Berikut adalah peta jalan (roadmap) dan langkah-langkah strategis yang wajib Anda tempuh setelah menyelesaikan pelatihan Brevet Pajak untuk menjadi seorang Konsultan Pajak profesional dan resmi di Indonesia:
1. Mendaftar dan Mengikuti Ujian Sertifikasi Konsultan Pajak (USKP)
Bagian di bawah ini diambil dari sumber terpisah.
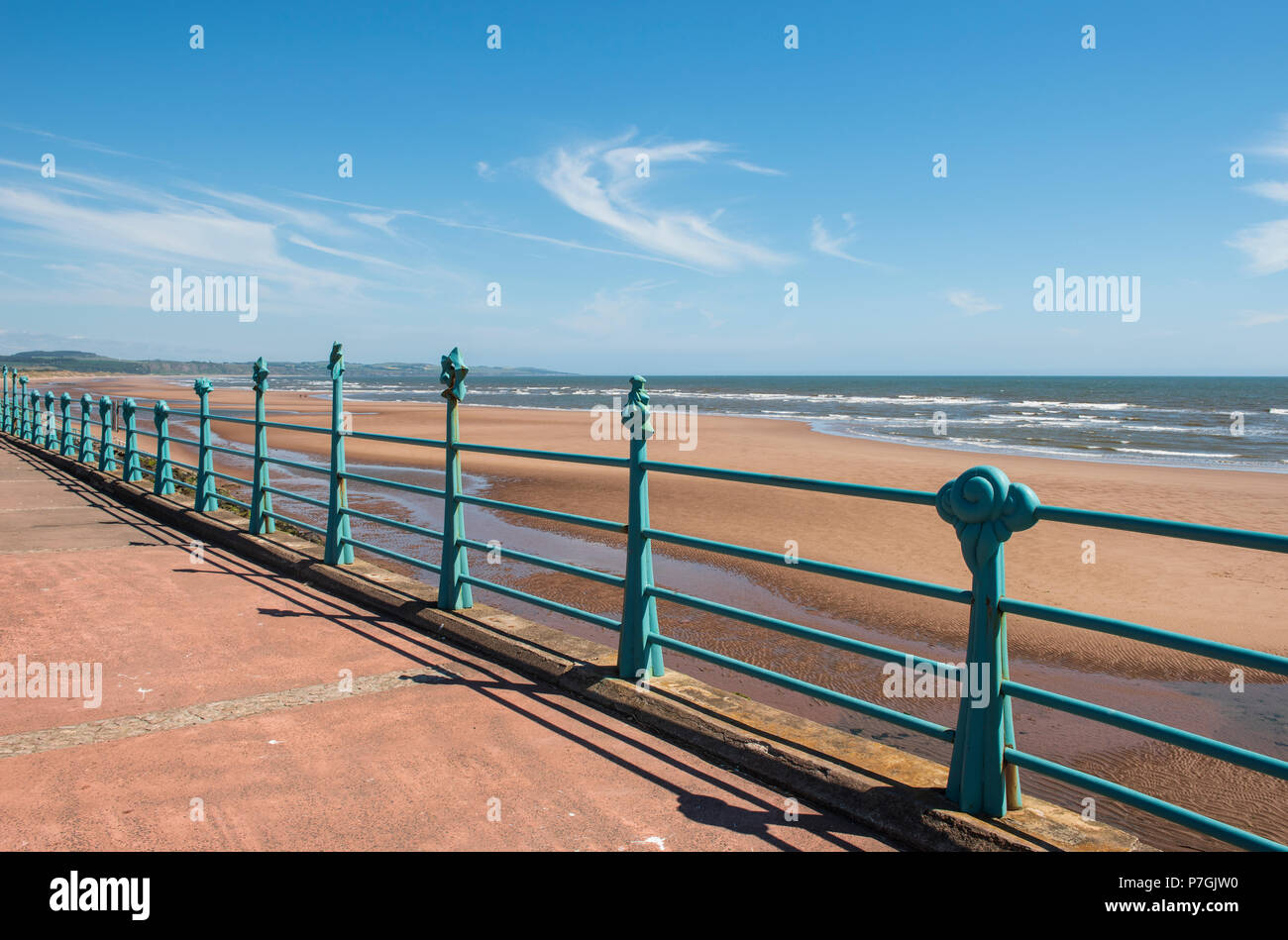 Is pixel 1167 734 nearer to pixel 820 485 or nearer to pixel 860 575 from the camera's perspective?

Meskipun sudah lulus Brevet Pajak, Anda harus membuktikan kualifikasi melalui ujian nasional resmi yang diselenggarakan oleh KP3SKP (Komite Pelaksana Panitia Penyelenggara Sertifikasi Konsultan Pajak).
-
Gunakan Modul Brevet sebagai Bahan Evaluasi: Pelajari kembali seluruh kasus, perhitungan akuntansi pajak, dan regulasi yang pernah didapat di kelas Brevet.
-
Latihan Bank Soal USKP: Biasakan diri dengan tipe soal studi kasus kompleks dan format ujian USKP (dimulai dari USKP Tingkat A).
-
Target Tingkat USKP:
-
Tingkat A: Memberikan kuasa untuk memberikan jasa Pelatihan Perpajakan Online kepada Wajib Pajak Orang Pribadi.
-
Tingkat B: Untuk Wajib Pajak Badan (perusahaan).
-
Tingkat C: Untuk Wajib Pajak Internasional.
-
2. Bergabung dengan Asosiasi Konsultan Pajak
Setelah dinyatakan lulus USKP dan menerima Sertifikat Konsultan Pajak (SKP), langkah berikutnya adalah menjadi anggota organisasi profesi resmi yang terdaftar dan diakui oleh Kementerian Keuangan.
-
Pilihan Asosiasi: Antara lain Ikatan Konsultan Pajak Indonesia (IKPI), Perkumpulan Konsultan Praktisi Perpajakan Indonesia (PERKOPPI), atau Asosiasi Konsultan Pajak Indonesia (AKPI).
-
Fungsi Asosiasi: Menjaga kode etik, memberikan pembinaan, serta menjadi wadah pemenuhan Kewajiban Pengembangan Profesional Berkelanjutan (PPL).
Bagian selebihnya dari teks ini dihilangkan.